Regular expression syntax

Regular expression syntax

A regular expression is a way to match patterns in data using placeholder characters, called operators.

Elasticsearch supports regular expressions in the following queries:

Elasticsearch uses Apache Lucene‘s regular expression engine to parse these queries.

Reserved characters

Lucene’s regular expression engine supports all Unicode characters. However, the following characters are reserved as operators:

  1. . ? + * | { } [ ] ( ) " \

Depending on the optional operators enabled, the following characters may also be reserved:

  1. # @ & < > ~

To use one of these characters literally, escape it with a preceding backslash or surround it with double quotes. For example:

  1. \@ # renders as a literal '@'
  2. \\ # renders as a literal '\'
  3. "john@smith.com" # renders as 'john@smith.com'

The backslash is an escape character in both JSON strings and regular expressions. You need to escape both backslashes in a query, unless you use a language client, which takes care of this.
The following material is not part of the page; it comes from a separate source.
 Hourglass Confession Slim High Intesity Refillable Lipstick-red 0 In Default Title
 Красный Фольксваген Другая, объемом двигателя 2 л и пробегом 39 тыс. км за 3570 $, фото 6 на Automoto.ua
For example, the string a\b needs to be indexed as "a\\b":

  1. resp = client.index(
  2. index="my-index-000001",
  3. id="1",
  4. document={
  5. "my_field": "a\\b"
  6. },
  7. )
  8. print(resp)
  1. response = client.index(
  2. index: 'my-index-000001',
  3. id: 1,
  4. body: {
  5. my_field: 'a\\b'
  6. }
  7. )
  8. puts response
  1. const response = await client.index({
  2. index: "my-index-000001",
  3. id: 1,
  4. document: {
  5. my_field: "a\\b",
  6. },
  7. });
  8. console.log(response);
  1. PUT my-index-000001/_doc/1
  2. {
  3. "my_field": "a\\b"
  4. }

This document matches the following regexp query:

  1. resp = client.search(
  2. index="my-index-000001",
  3. query={
  4. "regexp": {
  5. "my_field.keyword": "a\\\\.*"
  6. }
  7. },
  8. )
  9. print(resp)
  1. response = client.search(
  2. index: 'my-index-000001',
  3. body: {
  4. query: {
  5. regexp: {
  6. 'my_field.keyword' => 'a\\\\.*'
  7. }
  8. }
  9. }
  10. )
  11. puts response
  1. const response = await client.search({
  2. index: "my-index-000001",
  3. query: {
  4. regexp: {
  5. "my_field.keyword": "a\\\\.*",
  6. },
  7. },
  8. });
  9. console.log(response);
  1. GET my-index-000001/_search
  2. {
  3. "query": {
  4. "regexp": {
  5. "my_field.keyword": "a\\\\.*"
  6. }
  7. }
  8. }

Standard operators

Lucene’s regular expression engine does not use the Perl Compatible Regular Expressions (PCRE) library, but it does support the following standard operators.

.

Matches any character. For example:

  1. ab. # matches 'aba', 'abb', 'abz', etc.

?

Repeat the preceding character zero or one times. Often used to make the preceding character optional. For example:

  1. abc? # matches 'ab' and 'abc'

+

Repeat the preceding character one or more times. For example:

  1. ab+ # matches 'ab', 'abb', 'abbb', etc.

*

Repeat the preceding character zero or more times. For example:

  1. ab* # matches 'a', 'ab', 'abb', 'abbb', etc.

{}

Minimum and maximum number of times the preceding character can repeat. For example:

  1. a{2} # matches 'aa'
  2. a{2,4} # matches 'aa', 'aaa', and 'aaaa'
  3. a{2,} # matches 'a` repeated two or more times

|

OR operator. The match will succeed if the longest pattern on either the left side OR the right side matches. For example:

  1. abc|xyz # matches 'abc' and 'xyz'

( … )

Forms a group. You can use a group to treat part of the expression as a single character. For example:

  1. abc(def)? # matches 'abc' and 'abcdef' but not 'abcd'

[ … ]

Match one of the characters in the brackets. For example:

  1. [abc] # matches 'a', 'b', 'c'

Inside the brackets, - indicates a range unless - is the first character or escaped. For example:

  1. [a-c] # matches 'a', 'b', or 'c'
  2. [-abc] # '-' is first character. Matches '-', 'a', 'b', or 'c'
  3. [abc\-] # Escapes '-'. Matches 'a', 'b', 'c', or '-'

A ^ before a character in the brackets negates the character or range. For example:

  1. [^abc] # matches any character except 'a', 'b', or 'c'
  2. [^a-c] # matches any character except 'a', 'b', or 'c'
  3. [^-abc] # matches any character except '-', 'a', 'b', or 'c'
  4. [^abc\-] # matches any character except 'a', 'b', 'c', or '-'

Optional operators

You can use the flags parameter to enable more optional operators for Lucene’s regular expression engine.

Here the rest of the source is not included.